What stories can international lawyers usefully tell when confronted with situations of ongoing mass violence? This is the question at the centre of this blog series, which is concerned with exploring the narrative dimensions of international law within the specific context of the current situation in Israel and Palestine. In my previous post, I began by considering the significance of analogies and comparisons – whether for learning lessons from the past or for setting expectations concerning the emancipatory potential and limits of particular fields of international law. 

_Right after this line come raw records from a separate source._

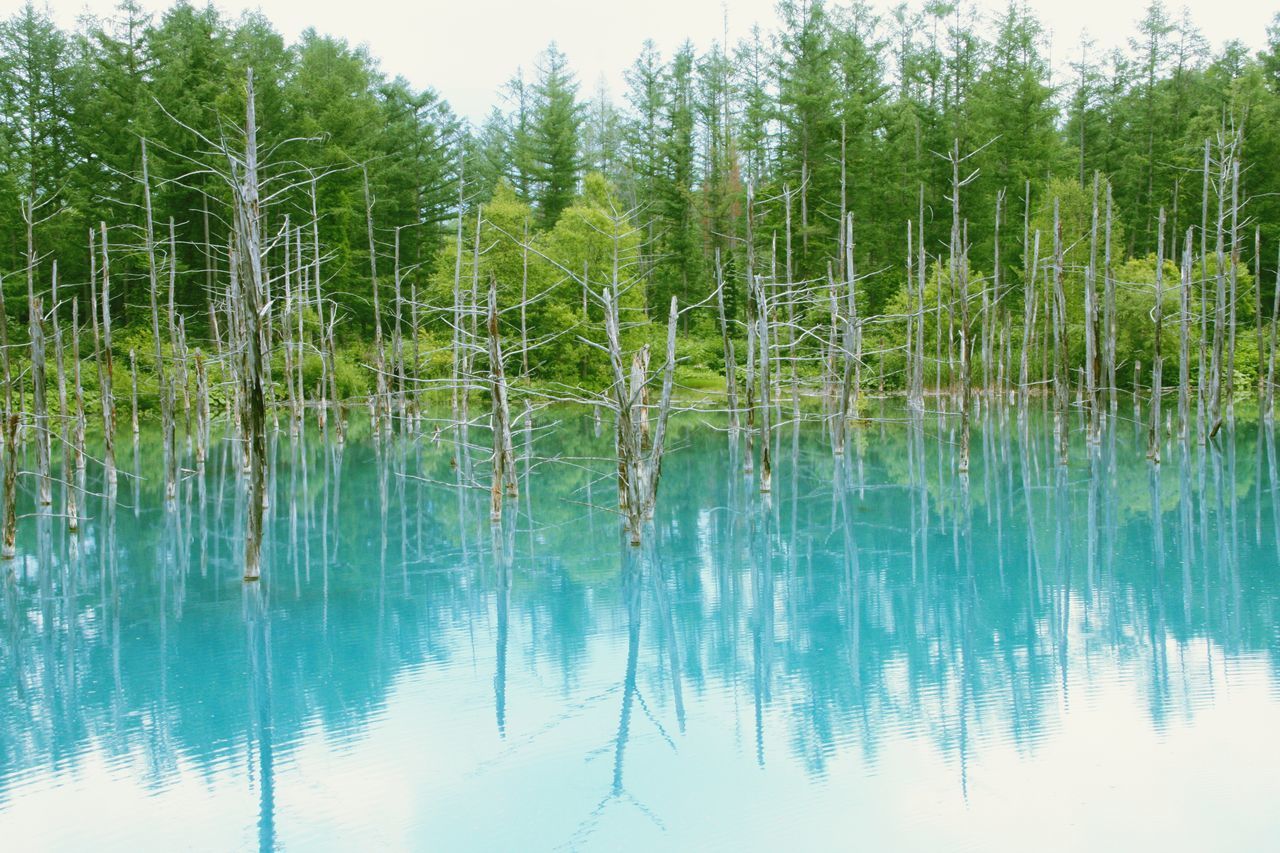 REFLECTION OF TREES IN LAKE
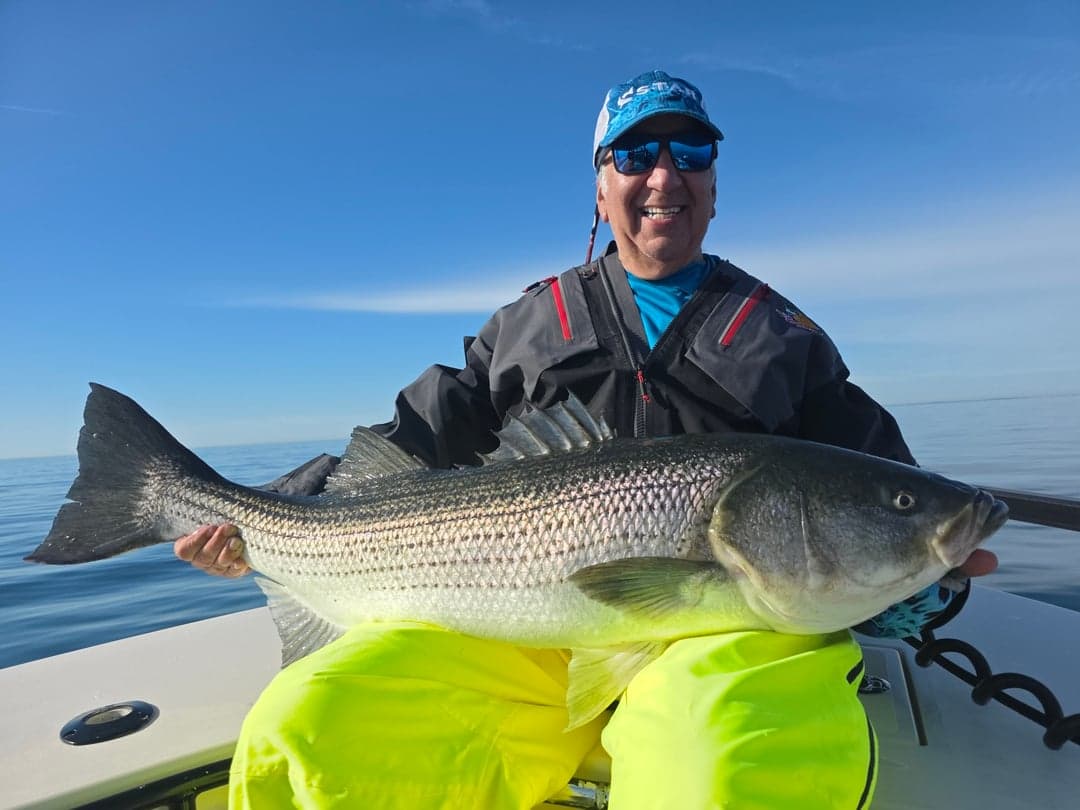 Striped Bass caught by Get Tight Sport Fishing Captain Brian Coombs, June 2026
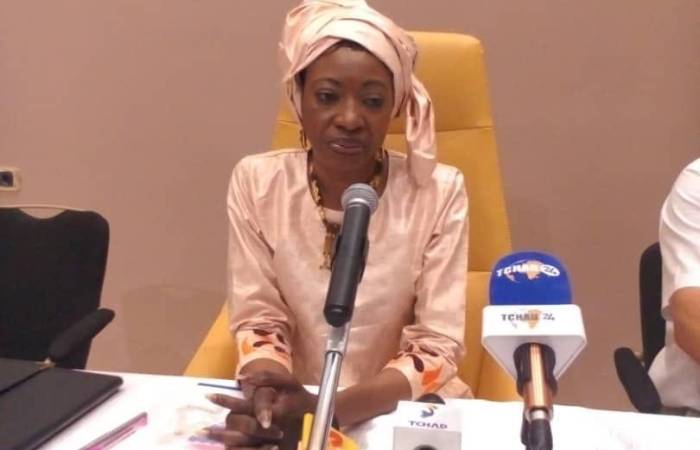 Tchad : Le ministère de la Formation professionnelle prépare la table ronde panafricaine pour la réforme éducative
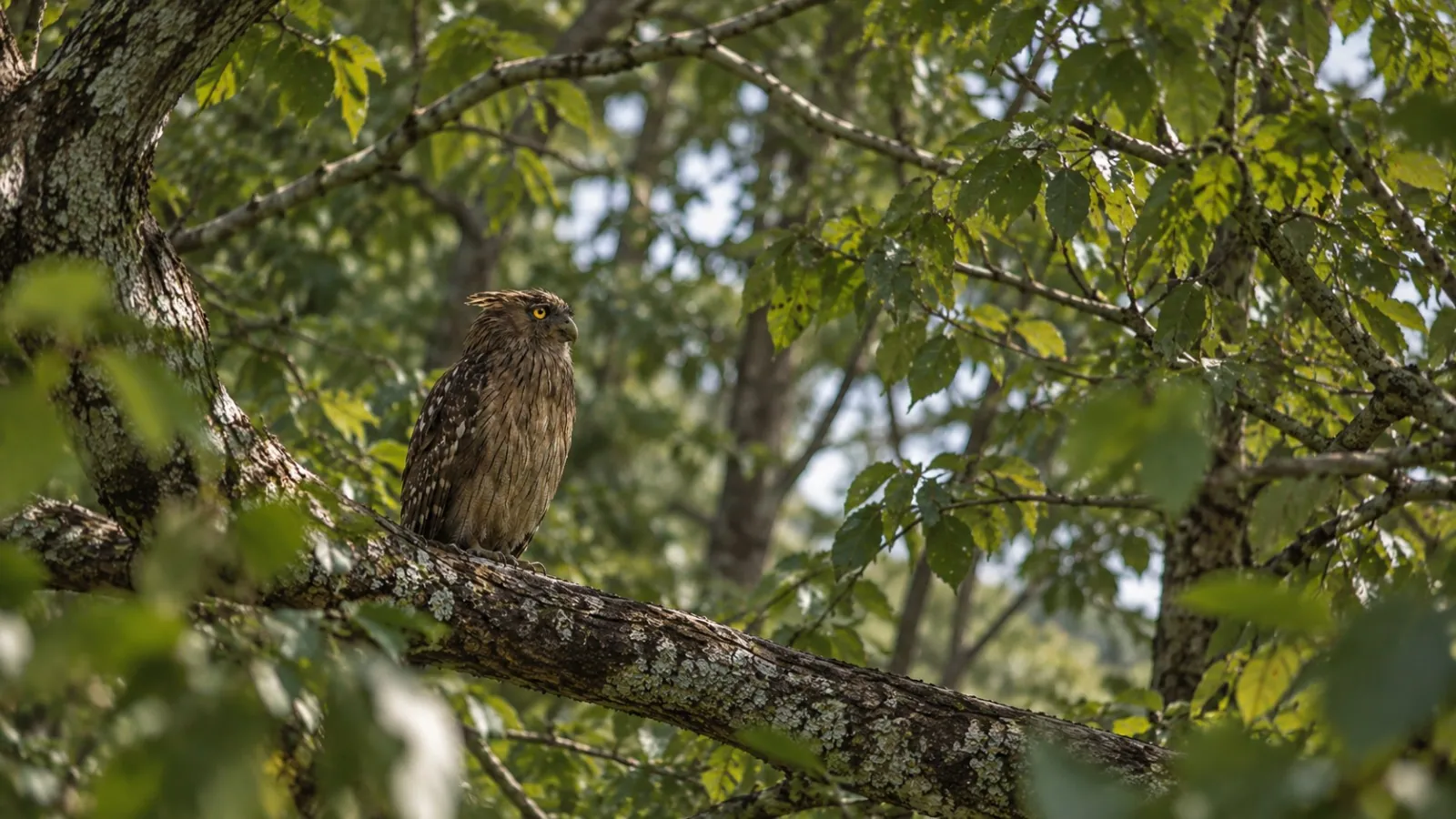 Brown fish owl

In this post, I consider a different narrative dimension of international law – framing and structural bias. When international lawyers look at the Israel-Palestine situation, what do they see?  Reflecting on debates and disagreements amongst international lawyers in the weeks following the attacks of 7 October, Vivek Bhatt observed how the partiality of international lawyers ‘to legally selective stories in moments of crisis reveals just how closely the legal, the political, and the personal are intertwined’. Rather than an invisible college, international lawyers may be better understood as constituting a ‘divisible college’, encompassing a diversity of perspectives, traditions, and positionalities. Importantly, whenever international lawyers examine a particular crisis, it is through acts of framing that certain aspects of the situation are rendered visible and prominent, while others are marginalised and excluded.  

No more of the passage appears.